Cesky Sen - Der tschechische Traum

• Inhalt • Darsteller & Stab • Filmkritiken • Hintergrund • Ausführlicher Inhalt • Produktionsnotizen • Interview mit Starname •

Titel Deutschland: Cesky Sen - Der tschechische Traum
Titel USA: -
Genre: Dokumentarfilm
Farbe, Tschechien, 2004

Kino USA: -
Kino Deutschland: 6. April 2006
Kino Schweiz (D): -
Kino Österreich: -
Laufzeit Kino: 87 Minuten, FSK -



Inhalt Cesky Sen - Der tschechische Traum hält den größten Konsumschwindel, den die Tschechische Republik je gesehen hat, mit der Kamera fest: Filip Remunda und Vit Klusak, zwei jungen tschechische Filmemacher, legen dabei die psychologischen und manipulativen Kräfte der Konsumwelt offen: Sie kreieren eine riesige Werbekampagne für etwas, das nicht existiert!
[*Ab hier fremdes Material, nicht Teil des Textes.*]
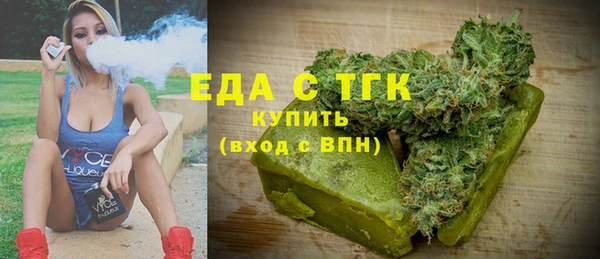 эйфоретик Медногорск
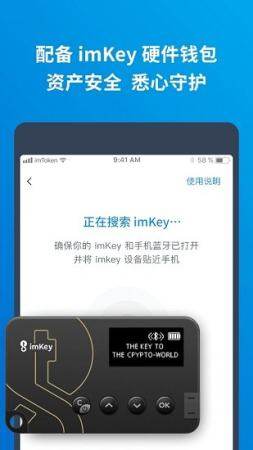 tp钱包打不开了,tp钱包的u莫名被转账了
CESKY SEN ? Der Hypermarkt für ein besseres Leben!

Zu der aufwändigen Kampagne, entworfen von einer renommierten Werbeagentur, gehören TV- und Radio-Spots, 400 Leuchtreklametafeln, 200.000 Werbeflyer mit CESKY SEN Markenartikeln, ein Werbejingle, eine eigene Webseite und Anzeigen in Zeitungen und Magazinen.

Für zwei Wochen sind die Straßen von Prag gepflastert mit Werbung für den geplanten Supermarkt. Mit Werbesprüchen wie "Geht nicht hin! Gebt kein Geld aus!" werden über 4.000 Menschen angelockt. Am Eröffnungstag erreichen sie eine Wiese, wo sie anstelle des Supermarkts nur eine 10m x 100m große Fassade vorfinden.
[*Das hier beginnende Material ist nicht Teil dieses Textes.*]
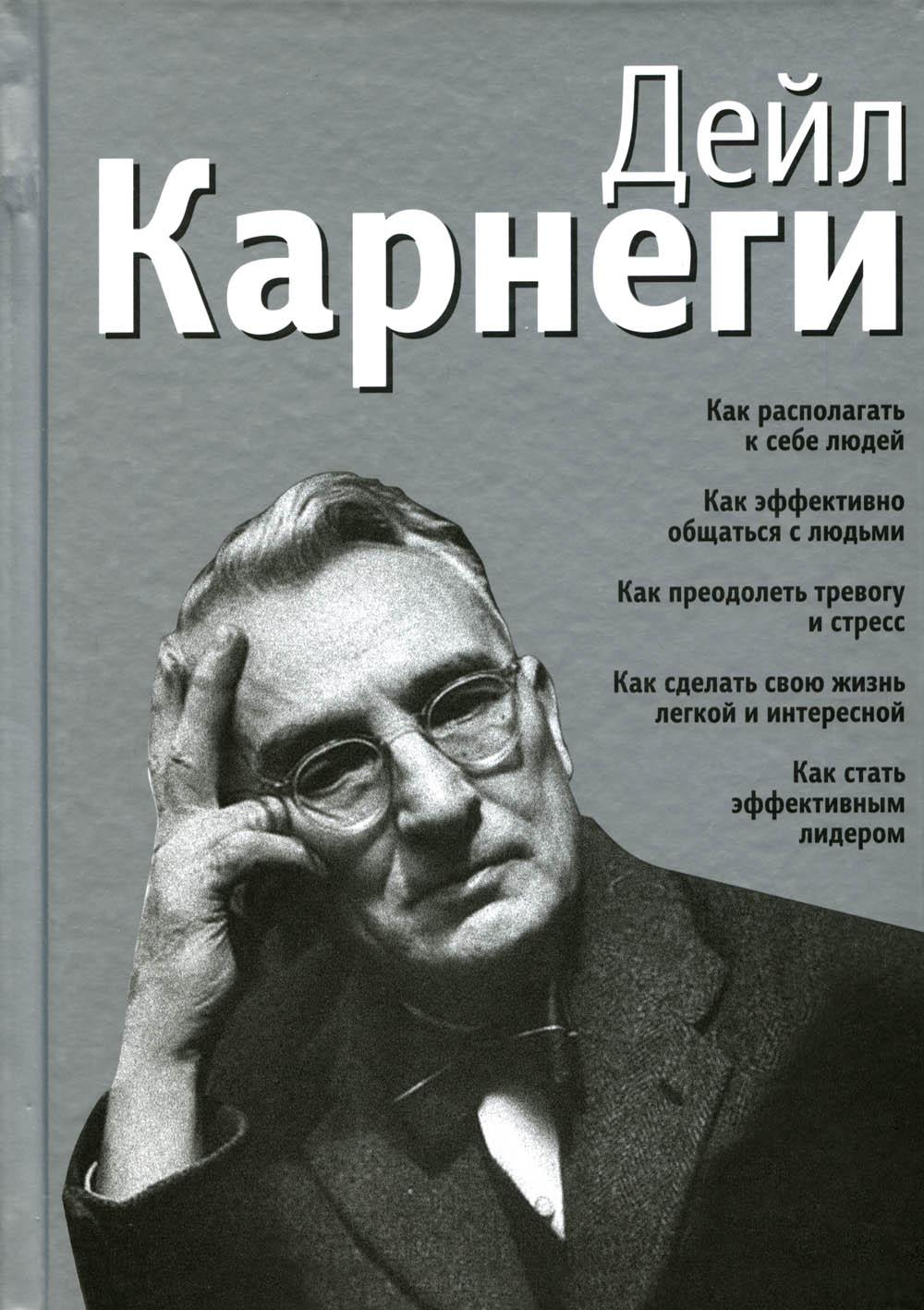 фото Книга как располагать к себе людей: как эффективно общаться с… попурри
Mit dem Eintritt der Tschechischen Republik und anderer osteuropäischer Länder in die EU und der damit einhergehenden veränderten Haltung der Bevölkerung zu Konsum und Globalisierung ist CESKY SEN ? Der tschechische Traum für alle kapitalistische Gesellschaften relevant.


Darsteller & Stab Darsteller: Einwohner der tschechischen Republik

Stab:Regie: Vit Klusak, Filip Remunda • Produktion: Filip Remunda • Drehbuch: Vit Klusak, Filip Remunda • Vorlage: - • Filmmusik: Hynek Schneider • Kamera: Vit Klusak • Spezialeffekte: - • Ausstattung: Stepan Malovec • Schnitt: Zdenik Marek • Kostüme: - • Make Up: - • Ton: David Hysek • Ton(effekt)schnitt: - • Stunts: - •


Filmkritiken Dirk Jasper FilmLexikon: Cesky Sen - Der tschechische Traum ist ein witziger und provokativer Blick auf die Auswirkungen steigenden Konsumverhaltens einer post-kommunistischen Gesellschaft. Das Experiment führte zu zahlreichen Kontroversen, provozierte teilweise extreme Reaktionen in der tschechischen Bevölkerung und den Medien und wurde sogar im Parlament diskutiert.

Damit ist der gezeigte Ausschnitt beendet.